Competence is where someone knows what they’re doing, and does it. And, oddly, often don’t bother to say that they’re competent – perhaps because they don’t need to say it, their actions say it well enough instead. The outcome of competence is fairly certain, even in contexts of high uncertainty.
Non-competence is where someone doesn’t know what they’re doing, and will either not do it, or will do the best they can, yet with the explicit intent to use it as a learning to improve their competence. Importantly, they will usually say that they don’t know what they’re doing. The outcome of non-competence is uncertain, even in nominally-certain contexts, but at least we are aware of the risks.

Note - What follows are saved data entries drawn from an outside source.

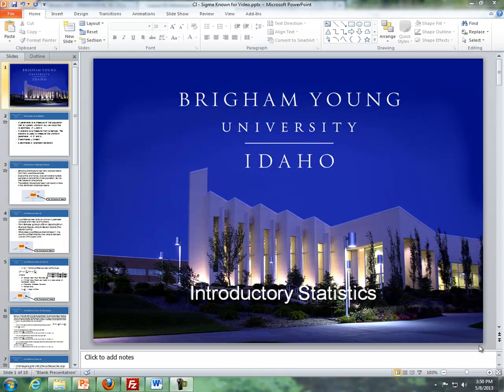Hello, this is Brother Comer from the Math Department at BYU-Idaho. These videos will be covering inference for one mean, sigma known, primarily dealing with confidence intervals.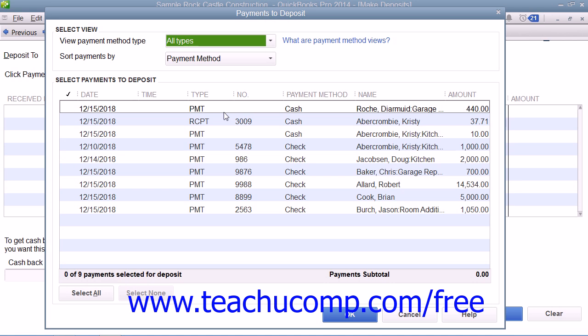In the Payments to Deposit window, you can see all of the customer payments that you have received through the Receive Payments window and elected to move to the undeposited funds account. You can use the View Payment Method Type drop-down at the top of the window to select the type of payments to view if needed. You must then check any received amounts that you will actually be taking to the bank to deposit.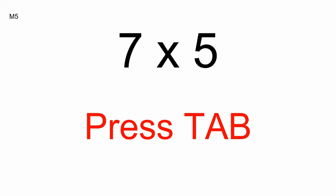Press Tab, M5, seven times five. Press Tab, M6, five times three.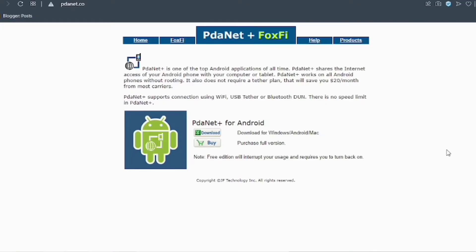We shall install PdaNet+ for desktop. PdaNet+ is a top Android application you can use to share the internet access of your Android phone to your computer or tablet. This PdaNet+ works without rooting your device. It works on three modes: using Wi-Fi, USB tether, or Bluetooth.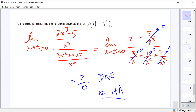As for slant asymptotes: you can prove that one exists — as x goes to infinity the limit goes to infinity, which tells us there's a slant asymptote — but it doesn't tell us what it is. The only way to figure out the actual slant asymptote is to do polynomial long division between the numerator and denominator: divide 2x³ - 5 by 3x² + x + 2.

Incompetence is where someone doesn’t know what they’re doing- i.e. is non-competent to do the task – but either purports and/or believes themselves to be competent. They will usually say that they are competent, even though demonstrably they are not; they claim to be responsible, yet have limited ‘response-ability’. The outcome of incompetence is fairly certain, and frequently dire, yet lack of awareness of the risks is often rampant, or in some cases the risks actively concealed.
Someone who is non-competent can become competent by learning the respective skills, or be competent by proxy, via finding someone else who is competent at doing the respective type of task. I treasure my non-competence, because it means there’s always more for me to learn. And as an enterprise-architect, I am, almost by definition, non-competent in much if not most of the detail-aspects of areas that I need to cover: hence one of my key competencies is the ability to learn enough of a new area fast enough to be able to guide meaningful exchanges between people who are fully competent in some detail-area but are not competent in others with which they need to connect.
Yet one of the key criteria for non-competence, and to separate it from incompetence, is a willingness to accept that we are non-competent, and say so. If we’re not aware that we’re non-competent, we automatically increase the risk of being incompetent. And if we know that we’re not competent, yet somehow ‘need’ to claim that we are competent, we would, again, automatically be incompetent – with a very high risk of inappropriate or ineffective outcomes of the work.
In part it’s a cultural problem: the risk of incompetence increases wherever a culture exhibits any of these characteristics:
- prioritises content over context, ‘truth’ over context-dependent usefulness
- has an insistent ideological base (leading to the same as above)
- is typified by rampant egotism, self-advertising and self-centrism
- is frequently swayed by tides of hype and ‘following after the latest fad’
- displays an almost desperate need to be ‘right’
Unfortunately, all of these attributes are extremely common in business, and in many cases are actively prized… By definition, they’re also more likely to be common in any ‘truth’-oriented domain, one which operates primarily on ‘true/false’ decision-making – hence, in practice, the tendencies towards IT-centrism and finance-oriented business-centrism, both of which rely on simple true/false logic for most of their operational decisions.
In SCAN terms, all of these are where the Simple certainties of Belief – either as ideology and/or as self-belief – are inappropriately applied to the far side of the Inverse-Einstein Test, where the uncertainties of the Ambiguous and the Not-Known cannot be avoided.
This gives us a dysfunctional ‘diagonal’ decision-path, where Assertion is imposed on the Not-known, or Ambiguity ‘solved’ by arbitrary Belief:
Yet the real problem here is somewhat more subtle:
- someone who is competent will typically not bother to say so, but will just get on with the work instead
- someone who is non-competent will typically say that are not competent, but will often actually be adequately-competent, or at least willing to learn to become so
- someone who is incompetent will typically claim that they are competent, and will usually not be willing to learn how to become so, because to do so would betray to themselves and others the fact that they are actually not competent
Which, in practice, leaves us with a huge dilemma:
- those who do not claim to be competent usually are competent
- those who do claim to be competent frequently are not competent
Hence, again, the kind of mess that we see so often in enterprise-architectures, wherever IT-centrism, business-centrism and the like predominate… Oh well.
Comments, anyone?
Reminds me of what Donald Rumsfeld said –
There are known knowns. These are things we know that we know.
There are known unknowns. That is to say, there are things that we know we don’t know.
But there are also unknown unknowns. There are things we don’t know we don’t know.